I have a 48 Volt Gator Utility Vehicle. Basically, the same system as an electric Golf Cart. I spent a lot of time installing a Motorola VHF radio recently. It was obviously 12 Volt, negaive ground. No problem. I just went on E-Bay and bought a 48 to 12 volt converter.

Then I realized something strange. I was getting no voltage reference to frame. A look in the scematics, indicated no such connection! The few things requiring a negative return had a lead running back to the battery.

There is almost no information on the E-Gators at all, and very little on grounding matters of electric carts.

Basically, they say, NEVER to ground the frame of such a vehicle to B-.

Some say it is safety. Remember this is 48 volt, not 12.

Any body know anything about this?

Right now, my radio is basically grounding the frame through the radio bracket and via a quarter wave antenna mounted on the roll bar. I could easily isolate the mounting bracket, but the antenna is a different matter.

What if I just fuse the negative lead, at say 20 amps?
 
   / No Frame Ground! Electric Golf Carts and such systems #2  
Hm.... I am not sure I like that ground path thru that coax and antenna.. How about putting one of those half wave no ground required VHF antennas like they put on corvettes (fiberglass body) instead of the 1/4 wave. If you get a failure in the ground return cable, I think starter current could go thru your radio. I am not sure what I would do.. I need to think on this some more.
 
   / No Frame Ground! Electric Golf Carts and such systems #3  
Rechargeable handheld VHF and mount?
 
   / No Frame Ground! Electric Golf Carts and such systems #4  
You don't need a convertor to get 12v. You just tap the first two batteries and you have 12v since they are in series.
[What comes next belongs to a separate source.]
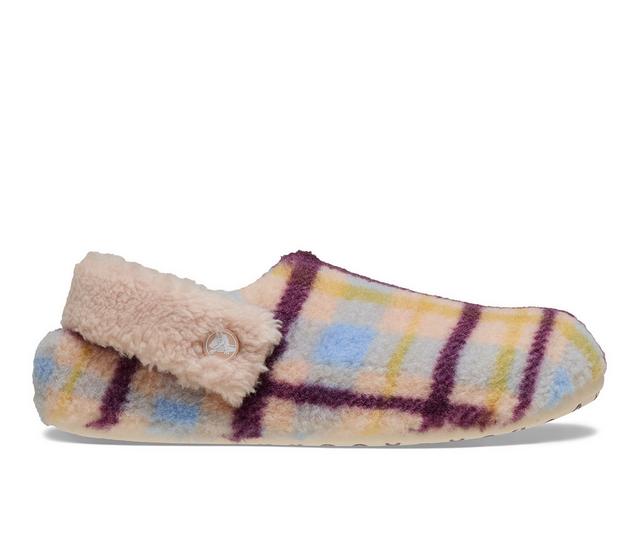 Women's Crocs Classic Cozzzy Plaid Slipper Clogs in Pink Caramel color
You can ground the frame at that point.

This is how golf carts are wired as well and how you add 12v radios and lights to golf carts and buggies.

36v have 6 6v batteries, and 48v have 8 6v batteries. Each set of terminals have their own voltage and each pair wired in series have double that (12v). Just ground from there to frame and use the hot from there (12v) to your radio.
 
   / No Frame Ground! Electric Golf Carts and such systems
  • Thread Starter
#5  
Thanks!

I did not want to tap off the batteries as I figured that the radio might be on for extended periods and I did not know what effect it would have, having two batteries always lower than the rest.
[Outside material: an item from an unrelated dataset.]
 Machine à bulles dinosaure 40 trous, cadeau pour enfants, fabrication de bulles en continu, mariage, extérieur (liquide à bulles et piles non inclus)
I have a couple of Motorola HT 1000s (handhelds) that I use, but they are never around when you need them and I am not having good luck with the Chinese batteries that I bought for them.
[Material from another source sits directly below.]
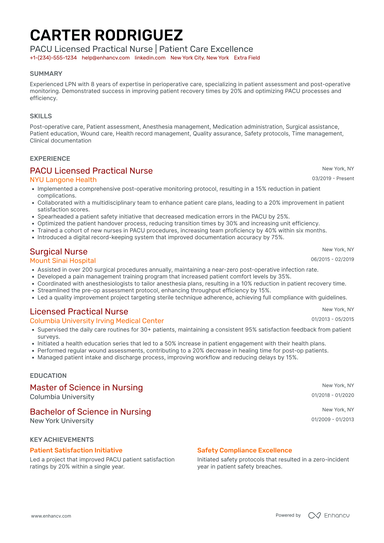 16 PACU Nurse Resume Examples amp - AHR0cHM6Ly9jZG4uZW5oYW5jdi5jb20vcHJlZGVmaW5lZC1leGFtcGxlcy9WMk9GY2RIOEpKRDlUbHRoMWV2Zm9jbVdkUDdmVEFSUkJjd3BsQ0pnL2ltYWdlLnBuZw~~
I like the non ground plane antenna idea. I had to install an old Beehive style antenna mount, as the roll bar had 3/16 thick steel and a (standard) NMO mount would not work.

I would still like to know WHY such systems arn't and shouldn't be grounded to frame.

I did learn that the Auto industry was seriously going to convert from 12 V to 42 Volt systems back in the 90s. It got scrapped for a variety of reasons.
 
   / No Frame Ground! Electric Golf Carts and such systems #6  
When wet it has the potential to zap you.

The radio won't draw much current from 2 giant buggy batteries. What's the ahr rating of them? Without transmitting it probably draws less than half an ahr.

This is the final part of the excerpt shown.